These are no chicken Nuggets
Meet the new boss?
Now, finally, presenting the new, trendy pick in the West . . . the Denver Nuggets?
I know. You knew things had changed, but not that much.
Yes, here they are, the same wild-and-crazy Hole in the Wall Gang the Lakers put to the torch in last spring’s 4-0 sweep, and defeated in 10 of 11 meetings overall in two seasons.
Actually, this Nuggets team is nothing like that Nuggets team, even if it has most of the same players.
With Chauncey Billups, the Solomon the Wise of NBA players, replacing Allen Iverson, the Jim Morrison of NBA players, they not only became a real team, which was surprising enough, but a real good one, finishing No. 2 in the West, going 8-2 in the first two rounds, picking up endorsements from pundit (Tim Legler) after pundit (Mark Jackson).
In an even more surprising bit of data, ESPN’s “SportsCenter” asked viewers to choose which of the four possible NBA Finals pairings they prefer.
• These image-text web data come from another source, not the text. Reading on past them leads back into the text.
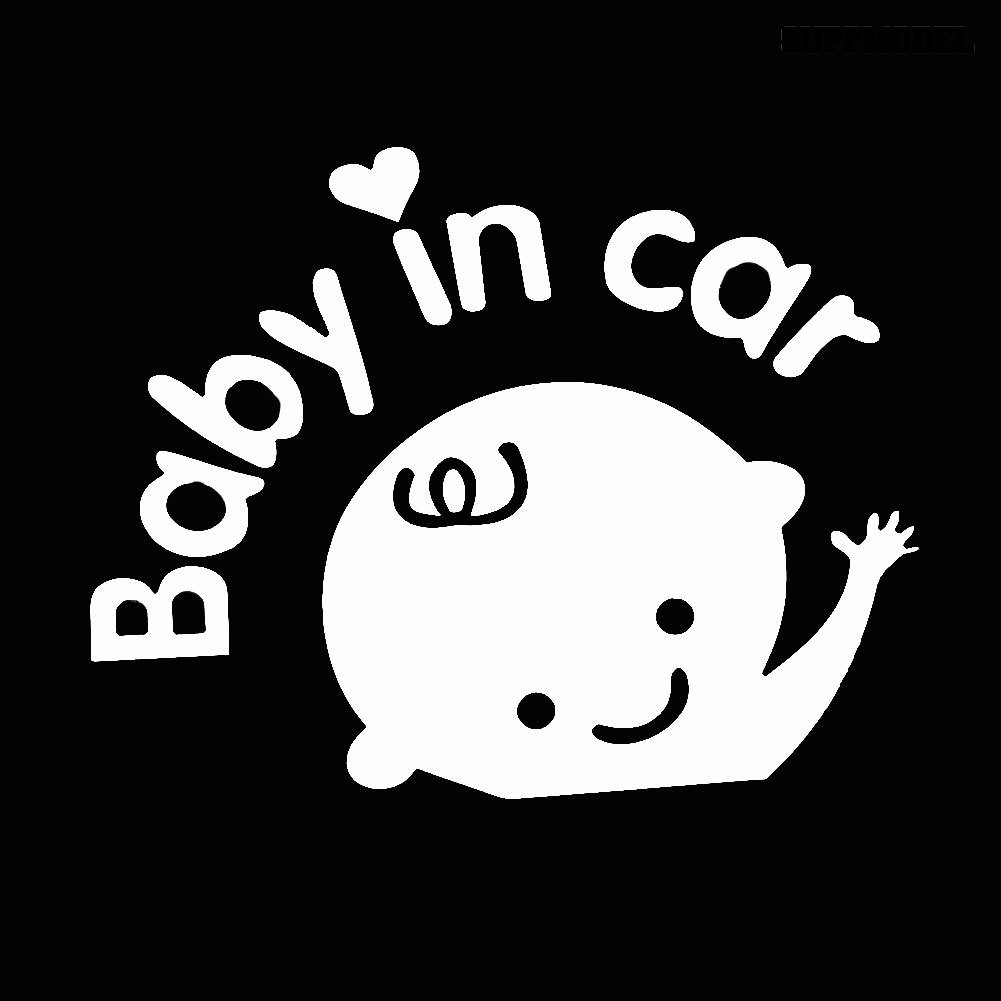 Supmodel Baby in Car Cute Vehicle Body Window Safety Sign Reflective Decals Sticker Decor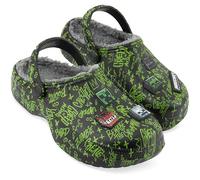 Get Trend Minecraft Clogs for Boys Winter Fleece Lining, Kids Teens Creeper Warm Garden Shoes Slip On Strap, Gamer Gifts (13/1 UK, Green Minecraft)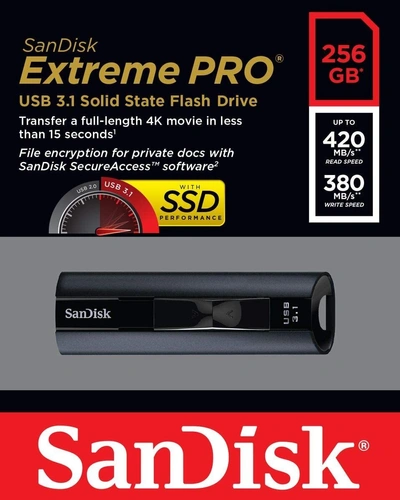 256 GB Western Digital Solid State Flash Drive San disk Extreme Pro SDCZ880-256G-G46 USB 3.1 Black 3 Yrs. warranty-13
Of course, Lakers-Cleveland was No. 1, with the Kobe Bryant-LeBron James matchup already getting massive hype in vitamin water and sneaker commercials.
The surprising part was, it got only 57%, to 27% for Denver-Cleveland.
To summarize, the Nuggets have not only risen from the ashes, they’re so good that someone can not only imagine them beating the Lakers but would predict it, and more than 25% of fans think the Nuggets are more entertaining, too?
Talk about your dark days in Lakerdom.
Denver Coach George Karl calls this his “team of redemption,” and well he should.
Of course, few teams ever had as much to redeem.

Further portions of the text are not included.